Exercise requirements: If a line below contains the word "apple", count it; give only the total.

[Brief descriptive captions]
▬▬▬▬▬▬
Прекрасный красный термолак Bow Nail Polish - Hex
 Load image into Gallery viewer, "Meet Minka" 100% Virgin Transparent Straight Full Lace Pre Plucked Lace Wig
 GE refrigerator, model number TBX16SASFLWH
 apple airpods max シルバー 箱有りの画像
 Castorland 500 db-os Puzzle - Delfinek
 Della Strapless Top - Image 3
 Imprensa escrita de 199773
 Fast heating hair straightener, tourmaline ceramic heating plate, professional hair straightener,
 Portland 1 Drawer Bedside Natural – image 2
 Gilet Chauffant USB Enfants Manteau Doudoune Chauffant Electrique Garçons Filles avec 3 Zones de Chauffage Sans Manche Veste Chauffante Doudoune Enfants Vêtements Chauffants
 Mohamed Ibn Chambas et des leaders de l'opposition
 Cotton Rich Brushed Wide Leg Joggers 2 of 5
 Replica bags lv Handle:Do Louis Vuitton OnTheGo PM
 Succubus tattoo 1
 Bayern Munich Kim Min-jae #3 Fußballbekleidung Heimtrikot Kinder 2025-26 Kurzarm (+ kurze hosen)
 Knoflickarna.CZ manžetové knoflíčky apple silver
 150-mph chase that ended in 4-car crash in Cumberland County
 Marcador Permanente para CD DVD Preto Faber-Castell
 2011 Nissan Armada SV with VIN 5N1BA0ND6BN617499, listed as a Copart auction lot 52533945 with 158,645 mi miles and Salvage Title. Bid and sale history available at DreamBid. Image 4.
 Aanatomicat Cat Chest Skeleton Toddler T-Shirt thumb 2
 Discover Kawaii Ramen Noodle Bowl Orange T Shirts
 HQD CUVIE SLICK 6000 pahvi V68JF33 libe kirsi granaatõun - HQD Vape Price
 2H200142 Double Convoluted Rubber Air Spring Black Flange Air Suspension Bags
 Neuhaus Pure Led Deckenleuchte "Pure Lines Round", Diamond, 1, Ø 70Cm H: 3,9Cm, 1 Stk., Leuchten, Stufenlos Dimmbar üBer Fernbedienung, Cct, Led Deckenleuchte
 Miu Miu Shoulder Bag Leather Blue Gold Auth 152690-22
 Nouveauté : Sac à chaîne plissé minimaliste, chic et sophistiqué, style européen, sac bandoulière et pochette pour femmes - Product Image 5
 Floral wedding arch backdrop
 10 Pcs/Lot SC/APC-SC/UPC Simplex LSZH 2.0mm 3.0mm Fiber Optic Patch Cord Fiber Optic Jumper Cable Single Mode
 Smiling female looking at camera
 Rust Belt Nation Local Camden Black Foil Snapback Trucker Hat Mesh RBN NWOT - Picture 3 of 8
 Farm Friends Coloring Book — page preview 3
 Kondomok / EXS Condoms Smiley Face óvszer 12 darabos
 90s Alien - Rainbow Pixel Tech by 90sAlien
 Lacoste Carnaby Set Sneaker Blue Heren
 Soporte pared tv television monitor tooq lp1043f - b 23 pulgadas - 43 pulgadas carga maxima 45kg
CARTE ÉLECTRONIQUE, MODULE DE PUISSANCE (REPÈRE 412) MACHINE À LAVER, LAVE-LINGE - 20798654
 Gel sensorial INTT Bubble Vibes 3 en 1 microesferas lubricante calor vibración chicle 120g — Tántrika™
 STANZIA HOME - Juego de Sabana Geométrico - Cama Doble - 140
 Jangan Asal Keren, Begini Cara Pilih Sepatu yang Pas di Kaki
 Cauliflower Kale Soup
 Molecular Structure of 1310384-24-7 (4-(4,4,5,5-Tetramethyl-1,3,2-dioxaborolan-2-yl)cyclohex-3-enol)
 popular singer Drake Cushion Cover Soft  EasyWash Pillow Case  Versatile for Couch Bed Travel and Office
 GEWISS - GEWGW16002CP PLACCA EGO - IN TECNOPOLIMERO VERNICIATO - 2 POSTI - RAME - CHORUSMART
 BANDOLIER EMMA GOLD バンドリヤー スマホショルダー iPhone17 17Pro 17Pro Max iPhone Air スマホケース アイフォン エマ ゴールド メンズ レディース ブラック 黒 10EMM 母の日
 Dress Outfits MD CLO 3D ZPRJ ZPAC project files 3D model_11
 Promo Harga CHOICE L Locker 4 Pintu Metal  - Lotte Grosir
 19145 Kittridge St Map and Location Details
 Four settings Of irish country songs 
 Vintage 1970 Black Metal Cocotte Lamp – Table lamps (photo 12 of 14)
▬▬▬▬▬▬
Task answer: 2